Et chaque recette qui revient légalement à l’État doit être effectivement perçue.
S’il existe des agents qui ferment les yeux sur certaines pratiques, ils doivent être rappelés à leurs responsabilités.
S’il existe des importateurs qui contournent volontairement la législation, ils doivent répondre de leurs actes.
S’il existe des insuffisances dans les méthodes de valorisation, elles doivent être corrigées.
La DGDA doit d’abord se montrer exemplaire.
Car on ne peut pas demander aux opérateurs économiques de respecter la loi si certains pensent que l’administration elle-même fonctionne selon des arrangements variables.
Un appel à la hiérarchie
La hiérarchie de la DGDA devrait, à notre sens, ordonner un contrôle ciblé du secteur de l’importation des motos à Matadi.
Ce contrôle pourrait notamment comparer :
les déclarations douanières ;
les factures commerciales ;
les listes de colisage ;
les connaissements ;
les valeurs FOB déclarées ;
les quantités réellement importées ;
la nature des pièces déclarées ;
les prix de revente sur le marché ;
et, lorsque cela est nécessaire, les opérations de remontage effectuées après dédouanement.
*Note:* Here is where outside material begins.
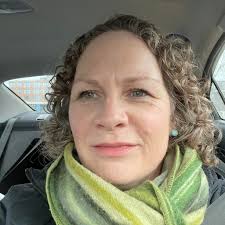 What size should I cut dessert squares for the market lunch?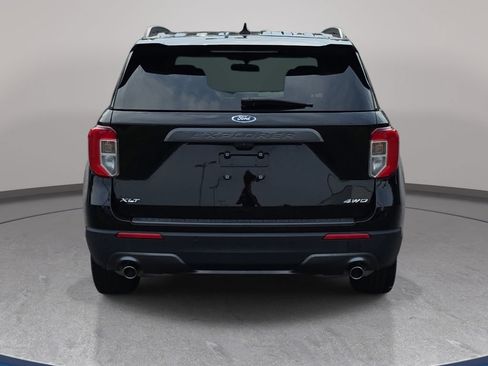 Certified 2023 Ford Explorer XLT w/ Equipment Group 202A AWD/4WD image 6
L’objectif ne doit pas être de persécuter les commerçants.
L’objectif doit être de savoir exactement ce qui entre, sous quelle forme, à quelle valeur et avec quel niveau de taxation.
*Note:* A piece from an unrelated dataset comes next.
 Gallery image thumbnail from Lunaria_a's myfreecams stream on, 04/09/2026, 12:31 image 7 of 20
C’est seulement à partir de données vérifiables que l’État pourra déterminer s’il existe effectivement une fraude organisée ou simplement une pratique commerciale parfaitement conforme à la législation.
CONCLUSION: LES RECETTES PUBLIQUES NE DOIVENT PAS ÊTRE LA VARIABLE D’AJUSTEMENT
L’affaire des motos de Matadi pose finalement une question beaucoup plus large : quelle administration douanière voulons-nous pour la RDC ?
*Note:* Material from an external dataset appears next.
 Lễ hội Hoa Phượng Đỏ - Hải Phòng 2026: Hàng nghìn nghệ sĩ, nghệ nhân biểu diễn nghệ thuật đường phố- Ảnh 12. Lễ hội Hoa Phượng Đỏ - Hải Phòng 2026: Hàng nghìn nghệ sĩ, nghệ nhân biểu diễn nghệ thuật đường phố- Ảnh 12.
Une administration qui laisse prospérer les zones grises ?
Ou une administration moderne, professionnelle, transparente et capable de distinguer l’opérateur honnête du fraudeur ?
La réponse devrait être évidente.
La RDC a besoin de recettes pour financer ses routes, ses écoles, ses hôpitaux, ses infrastructures et ses services publics.
Chaque franc perdu à cause d’une sous-déclaration ou d’une fausse qualification de marchandise est donc un franc qui manque quelque part à la collectivité.
Mais la lutte contre la fraude doit également respecter les droits des opérateurs économiques.
Il faut contrôler sans harceler, taxer sans étouffer, sanctionner sans arbitraire et surtout appliquer les mêmes règles à tout le monde.
À Matadi, le dossier des motos mérite donc mieux que les rumeurs et les accusations croisées.
Il mérite un véritable audit douanier, des chiffres, des documents et des explications publiques.
Si les soupçons sont infondés, le contrôle permettra de blanchir les opérateurs concernés.
S’ils sont fondés, il faudra alors agir avec fermeté.
Car au bout du compte, la DGDA n’est pas là pour protéger quelques intérêts particuliers. Elle est là pour protéger les recettes et les intérêts de la République.
Le moment est donc venu de faire revenir tout le monde à la raison : importateurs, déclarants, fournisseurs et surtout agents chargés du contrôle.
La fraude ne doit pas devenir une méthode de commerce.
Et la douane ne doit jamais devenir un espace où la complaisance coûte à la République ce que les contribuables honnêtes s’efforcent de payer.